If your rip is mostly just for humor, you probably only want to play one loop and then fade out at the start of the second loop. If your rip is musically pleasing to listen to, you probably want to let it play two full loops before you fade out—this is standard for video game music OSTs.
While you may not be the type of person who insists on only listening to FLAC, it is worthwhile to keep a lossless copy of any music you create. This is useful if you ever want to put it onto an album, or if you lose the project files and you need to make some emergency post-production edits. (While we’re on the topic, you should archive your project files forever. You never know when you might need them.) Generally, you don’t want to save as MP3 until you’re totally done working on a rip, as every MP3 conversion will reduce the audio quality. Once is acceptable and not noticeable, but compressing it twice is to be avoided.
So yes, any renders you do should be in a lossless format like WAV or FLAC unless you’re spitting out a quick work-in-progress or preview. It’s pretty standard to render with a sample rate of 44100Hz and 16 bits per sample. You can go higher but there’s really no need.

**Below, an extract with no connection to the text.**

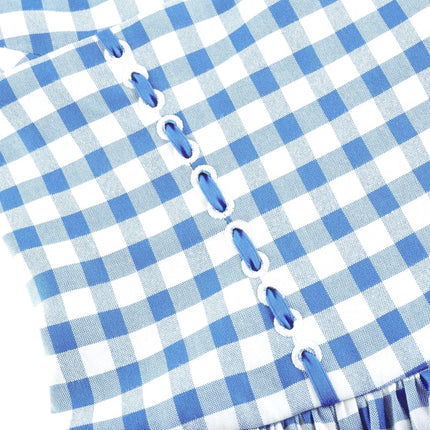 Ella Blue Midi Dress Square Neck Gingham Ribbon Detailing Welt Pockets Rear Zip Fastening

Once you have a lossless render, you should then either re-render in MP3, or use Audacity or foobar2000 to convert the lossless render to MP3. I tend to render MP3s as V0, which is the highest quality variable bitrate encoding the format allows. What the “best” bitrate is is a heated and ongoing debate that nobody really agrees on, so honestly, it’s best to offer lossless downloads in addition to some “good enough” lossy option such as V0 MP3 so the people who really care can get it and transcode to whatever bitrate they personally like best.